Cosa è successo? Secondo gli osservatori, la mossa di Pechino non sarebbe altro che una ritorsione contro i dazi sulle e-car cinesi. Secondo i diretti interessati invece, si tratta di misure anti dumping. Dicasi dumping: pratica per cui le grandi imprese (esterne) introducono sul mercato prodotti a prezzo molto inferiore rispetto al mercato (interno). Il Ministero del Commercio cinese lo ha detto chiaro e tondo: “Prove preliminari indicano che la carne di maiale e i prodotti derivati importati dall’UE sono oggetto di dumping, causando danni sostanziali all’industria nazionale interessata”.
Allarme tra allevatori e imprese
La conseguenza è il panico, condiviso tra agricoltori, allevatori e industria. I dazi annunciati saranno pure temporanei, ma un gigante come la Cina rischia di mettere in ginocchio intere filiere. In questo quadro di incertezza ci pensa Olof Gill in veste di portavoce al Commercio a calmare gli animi. “La Commissione, agendo per conto dell’UE, fa il massimo per assicurare che, per quanto riguarda le relazioni commerciali nel mondo, vengano massimizzate le opportunità di esportazioni per i nostri operatori, anche per quanto riguarda la carne di maiale”.
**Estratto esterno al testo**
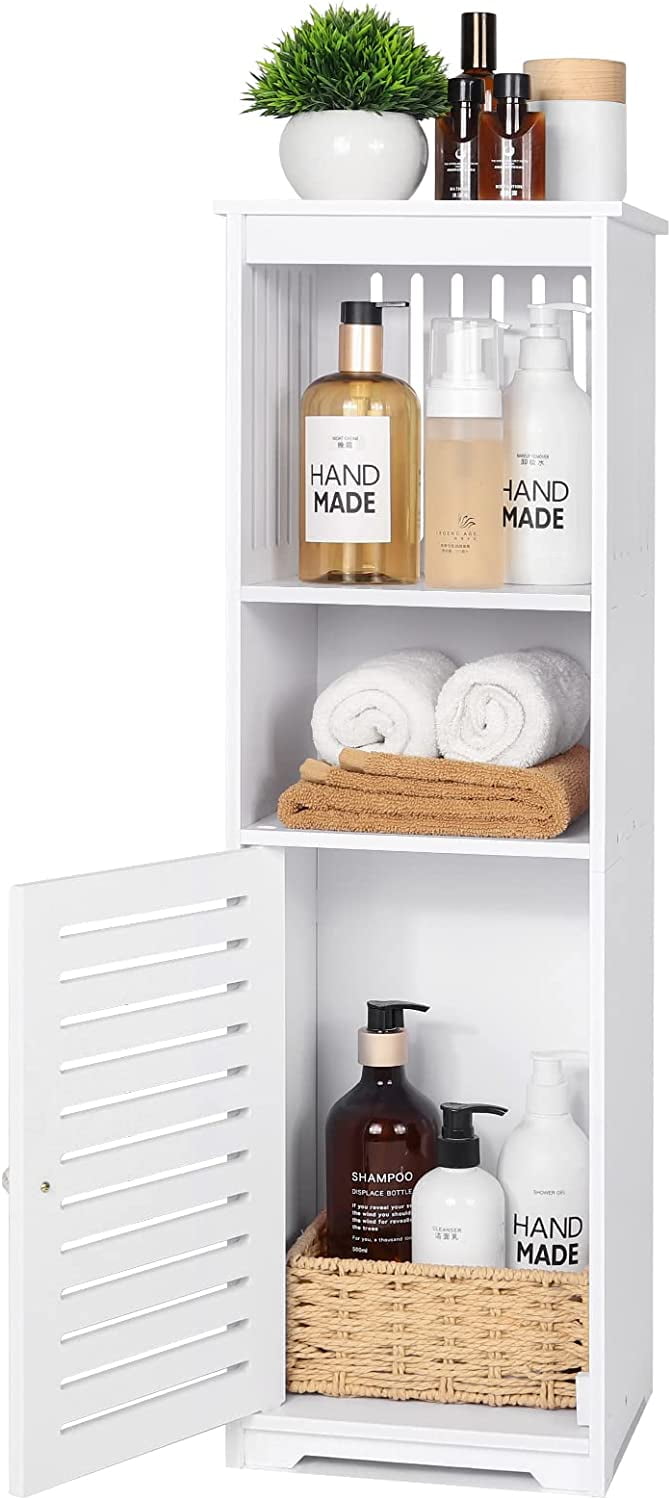 White Bathroom Floor MultiPurpose Storage Unit,Free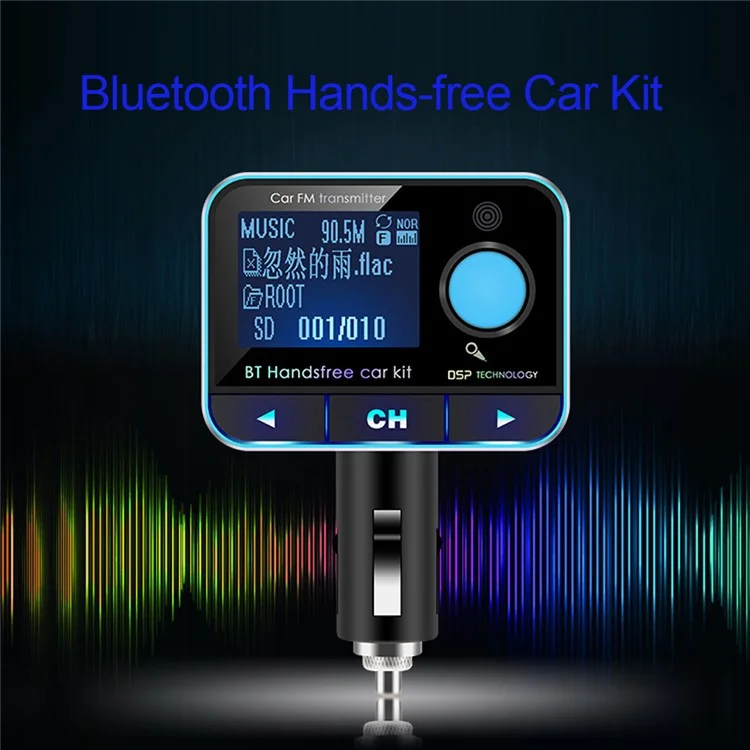 BT008 Bluetooth FM Transmitter Dual USB Car Charger Wireless Car Kit Support TF Card/Aux-in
Gill cita il surplus di 60-70 miliardi di euro nell’agroalimentare, come a dire che alle brutte gli allevatori hanno il didietro parato. E in ogni caso non la fa passare liscia a Pechino, citando chiaramente i sospetti di ritorsione riguardo questi nuovi, improvvisi dazi. “Prendiamo atto e guarderemo i dettagli, ma riguardo all’indagine della Cina che ha preceduto la decisione, l’abbiamo seguita con attenzione e, a quanto ci risulta, era basata su accuse dubbie e prove insufficienti”. E poi, appunto, bisogna vedere quanto i cinesi riescono effettivamente a stare senza il nostro prosciutto.